Figure 2.9. Calculated RF due to tropospheric ozone change since pre-industrial time based on CTM and GCM model simulations published since the TAR. Estimates with GCMs including the effect of climate change since 1750 are given by orange bars (Adjusted RF, CC). Studies denoted with an (*) give only the instantaneous RF in the original publications. Stratospheric-adjusted RFs for these are estimated by reducing the instantaneous RF (indicated by the dashed bars) by 20%. The instantaneous RF from Mickley et al. (2001) is reported as an adjusted RF in Gauss et al. (2006). ACCENT models include ULAQ: University of L’Aquila; DLR_E39C: Deutsches Zentrum für Luft- und Raumfahrt European Centre Hamburg Model; NCAR_MACCM: National Center for Atmospheric Research Middle Atmosphere Community Climate Model; CHASER: Chemical Atmospheric GCM for Study of Atmospheric Environment and Radiative Forcing; STOCHEM_HadGEM1: United Kingdom Meteorological Office global atmospheric chemistry model /Hadley Centre Global Environmental Model 1; UM_CAM: United Kingdom Meteorological Office Unified Model GCM with Cambridge University chemistry; STOCHEM_HadAM3: United Kingdom Meteorological Office global atmospheric chemistry model/Hadley Centre Atmospheric Model; LMDzT-INCA: Laboratoire de Météorologie Dynamique GCM-INteraction with Chemistry and Aerosols; UIO_CTM2: University of Oslo CTM; FRSGC_UCI: Frontier Research System for Global Change/University of California at Irvine CTM.
A general feature of the models is their inability to reproduce the low ozone concentrations indicated by the very uncertain semi-quantitative observations (e.g., Pavelin et al., 1999) during the late 19th century.
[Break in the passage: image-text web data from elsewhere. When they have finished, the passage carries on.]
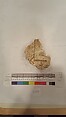 Stucco Fragment, Stucco (mortar); carved, painted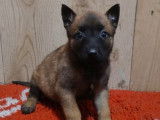 7 chiots Bergers Belges Malinois LOF disponibles à la réservation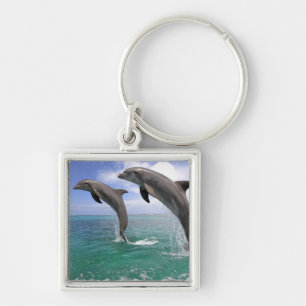 Delfin Delphin, mer grosser Tuemmler, Tursiops 4 Fyrkantig Silverfärgad Nyckelring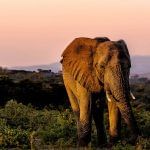 Elephants roaming against a sunset-hued backdrop.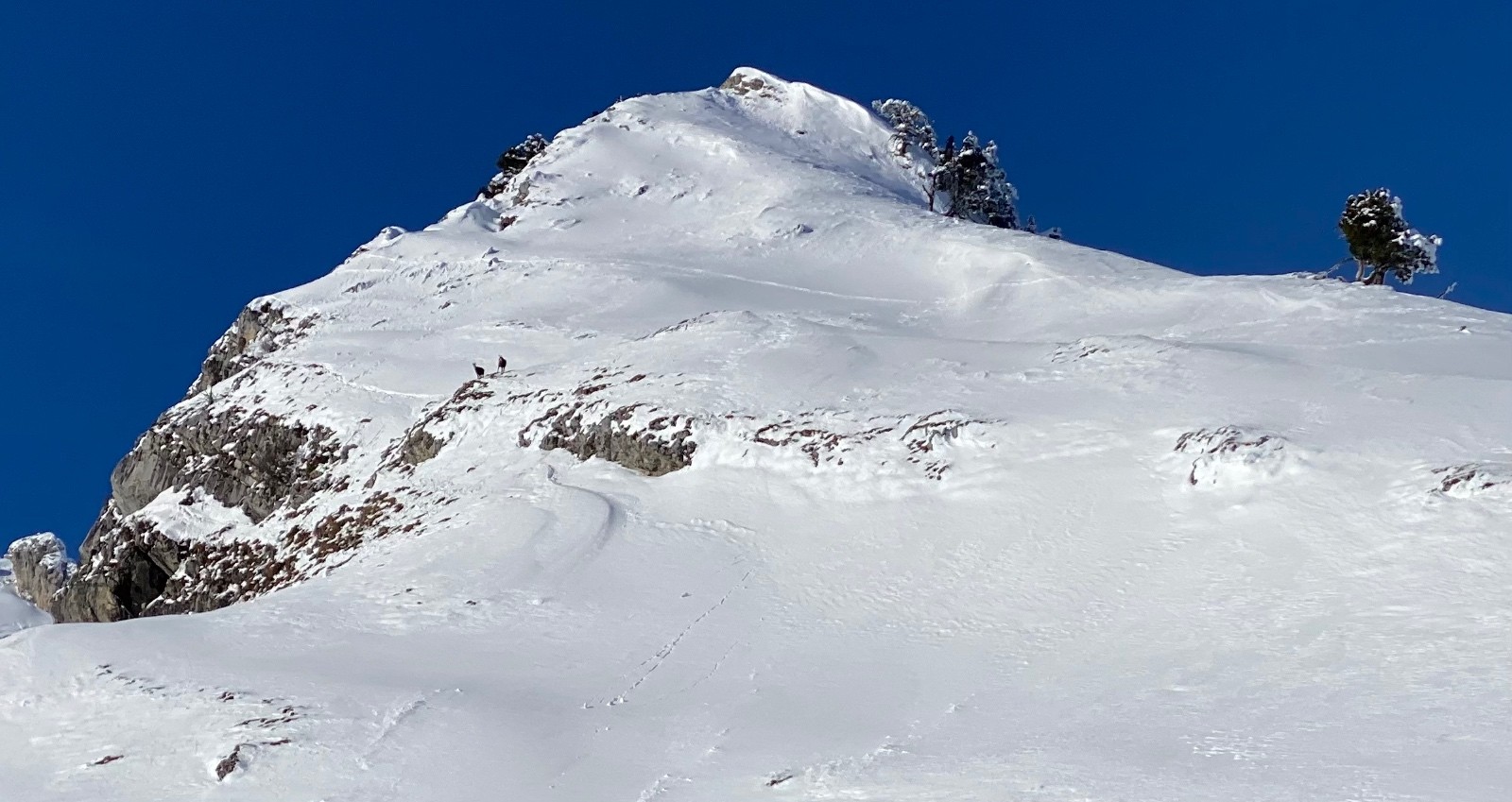 &nbsp;Les copains sont là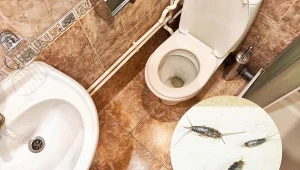 Jesienią pojawiają się pierwsze rybiki w domu - gdzie mają gniazda? I jak się ich pozbyć bez użycia chemii?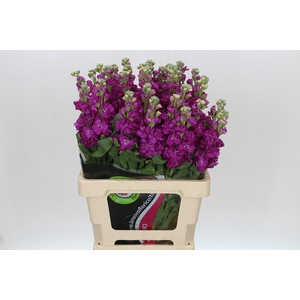 Matthiola Iron Rose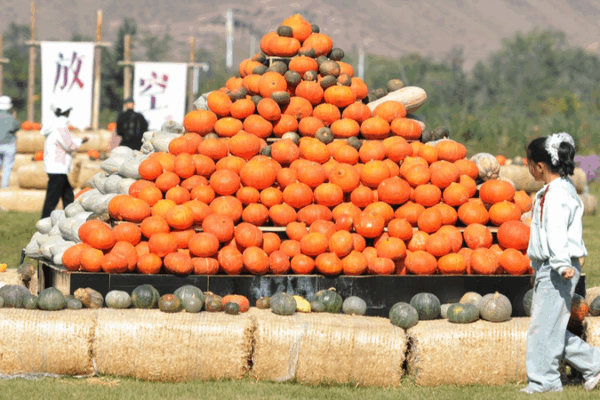 Pumpkin Art Festival Lights Up Urumqi During National Celebrations Pumpkin_Art_Festival_Lights_Up_Urumqi_During_National_Celebrations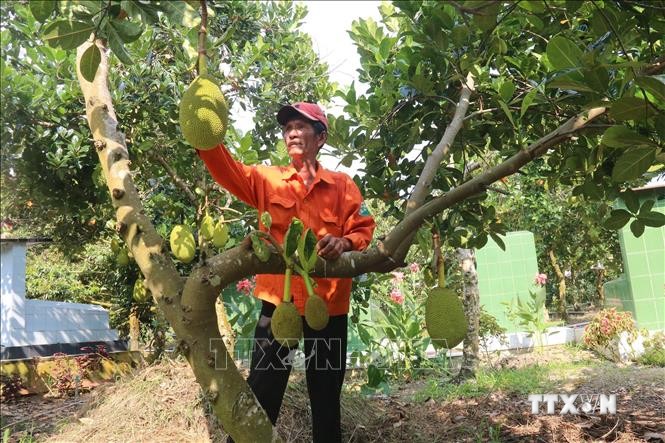 Mít Thái đầu năm có giá giúp nông dân Tiền Giang tăng thu nhập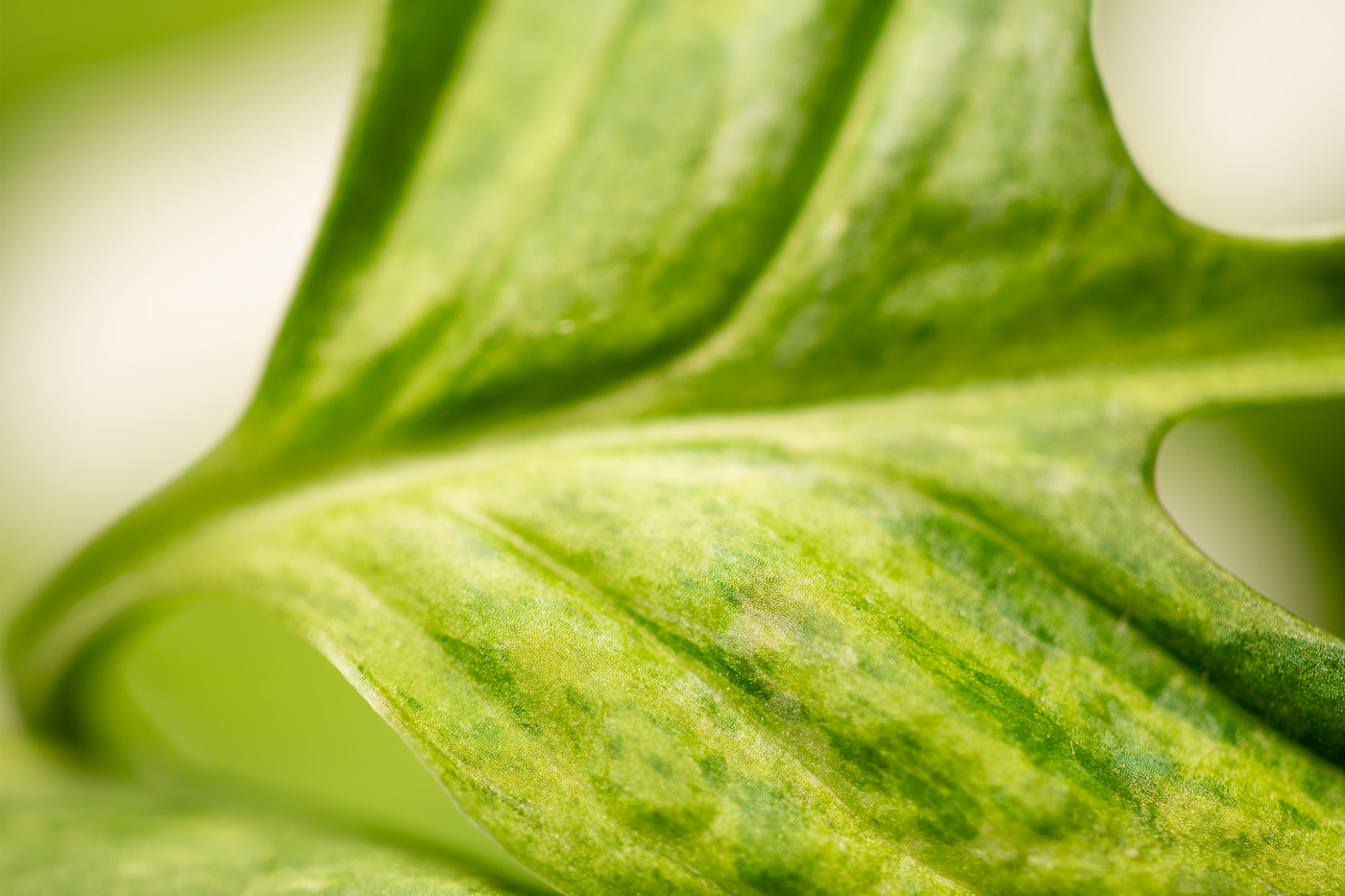 Nahaufnahme einer Monstera adansonii mit grünen, gelochten Blättern – Detail einer Zimmerpflanze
Mickley et al. (2001) tuned their model by reducing pre-industrial lightning and soil sources of NOx and increasing natural NMVOC emissions to obtain close agreement with the observations. The ozone RF then increased by 50 to 80% compared to their standard calculations. However, there are still several aspects of the early observations that the tuned model did not capture.
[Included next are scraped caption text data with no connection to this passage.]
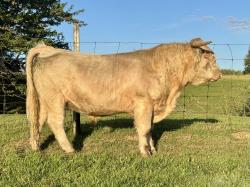 Registered Highland Bull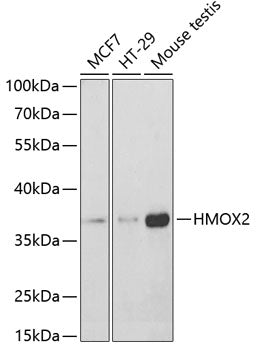 HMOX2 Rabbit pAb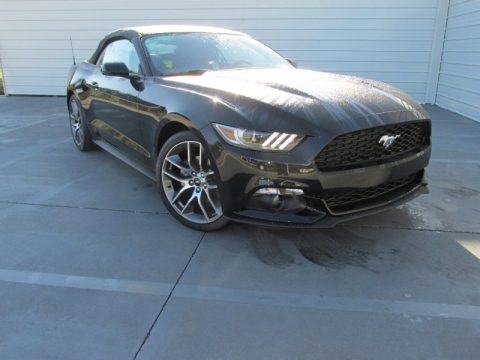 Shadow Black Ford Mustang EcoBoost Premium Convertible.  Click to enlarge.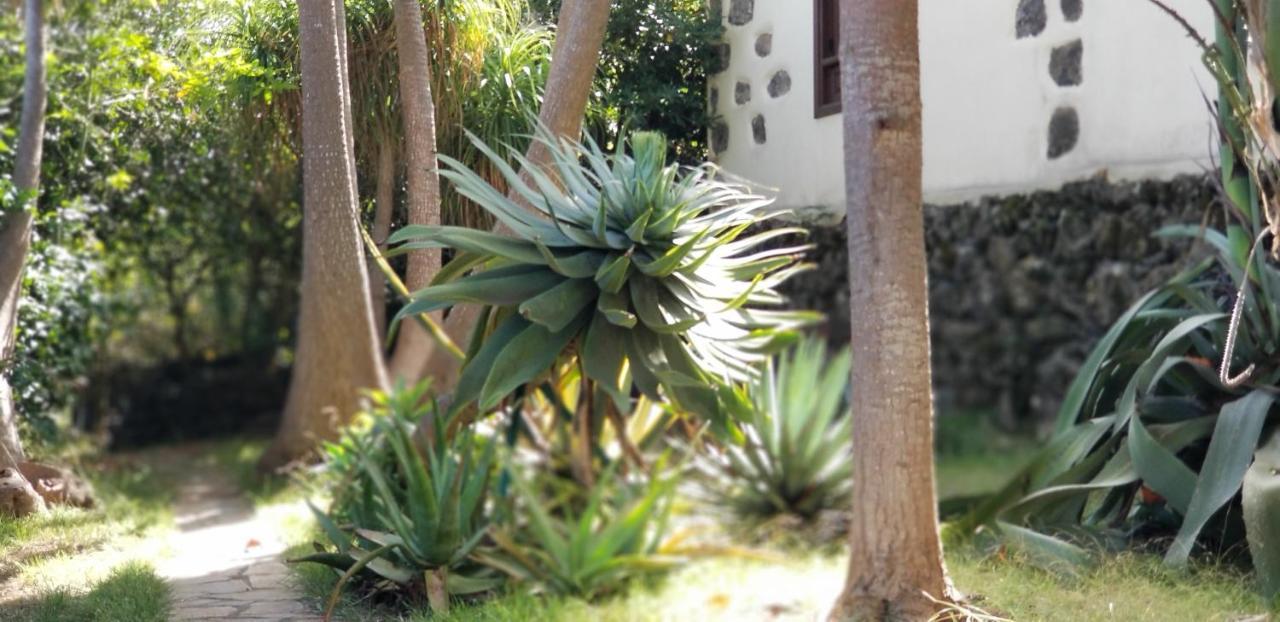 La Casita De La Vega Apartamento Icod De Los Vinos Exterior foto
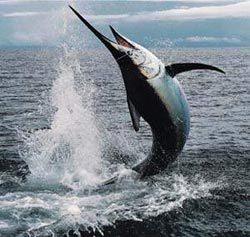 Swordfish 'heat' eyeball to hunt prey?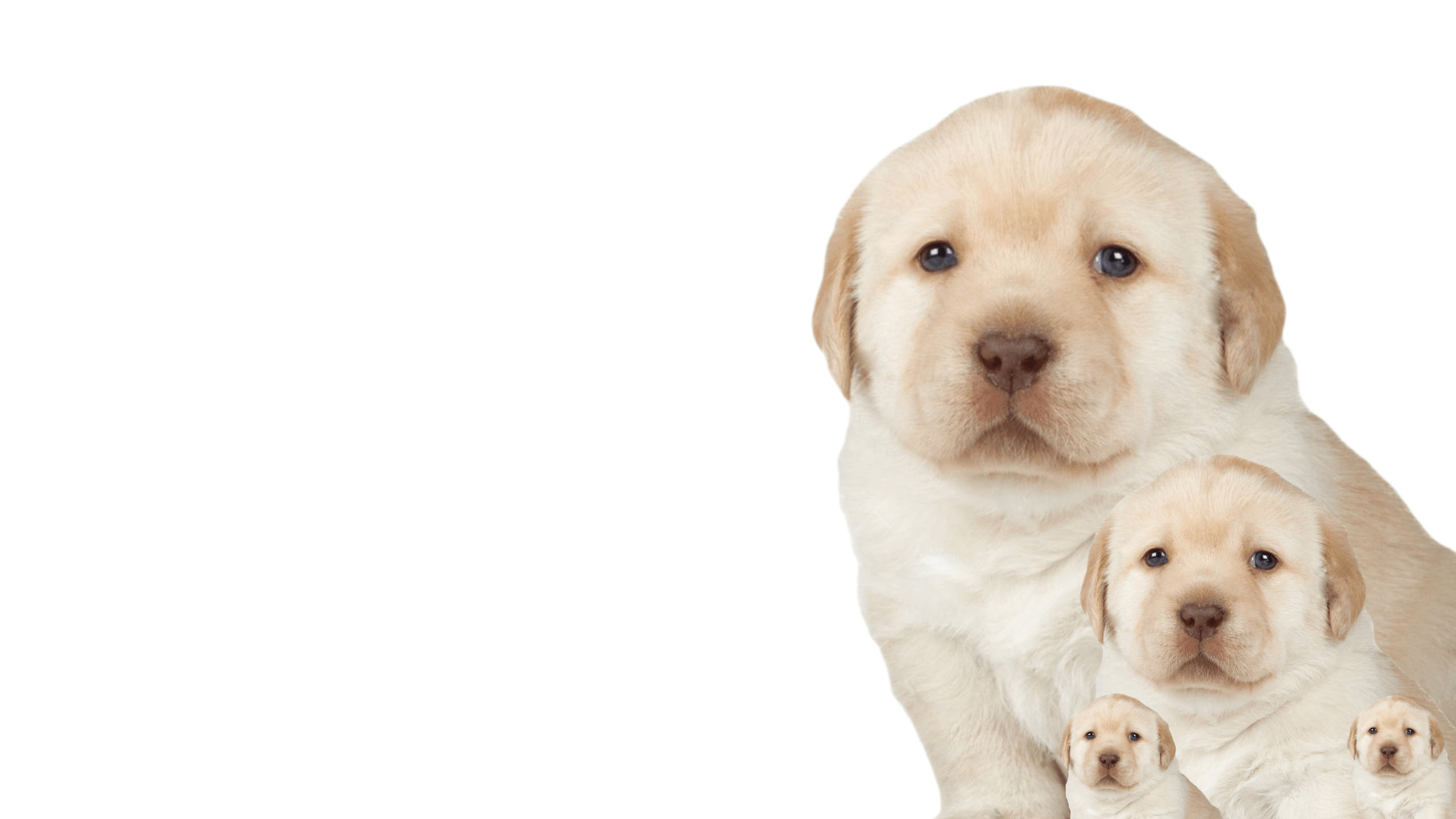 2560x1440 dog (2560x1440). Dogs, Lego wallpaper, Labrador retriever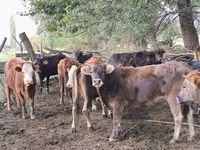 Krava, Simmental cattle — fotografija 4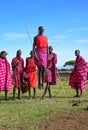 Maasai men in traditional colorful clothing showing traditional Maasai jumping dance Royalty Free Stock Photo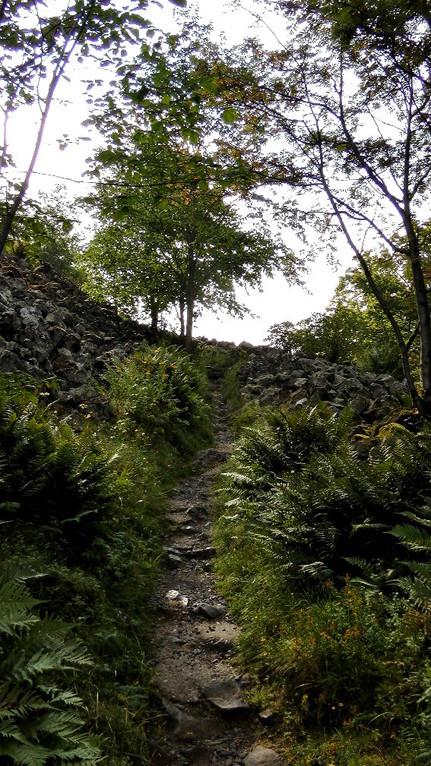 Wanderweg hoch zum "Rauher Kulm"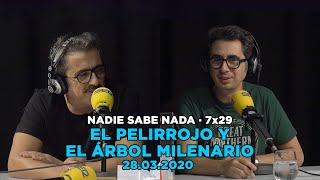 NADIE SABE NADA 7x29  El pelirrojo y el árbol milenario [upl. by Angid231]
The best estimate for the RF of tropospheric ozone increases is +0.35 W m–2, taken as the median of the RF values in Figure 2.9 (adjusted and non-climate change values only, i.e., the red bars). The best estimate is unchanged from the TAR. The uncertainties in the estimated RF by tropospheric ozone originate from two factors: the models used (CTM/GCM model formulation, radiative transfer models), and the potential overestimation of pre-industrial ozone levels in the models. The 5 to 95% confidence interval, assumed to be represented by the range of the results in Figure 2.9, is +0.25 to +0.65 W m–2. A medium level of scientific understanding is adopted, also unchanged from the TAR (see Section 2.9, Table 2.11).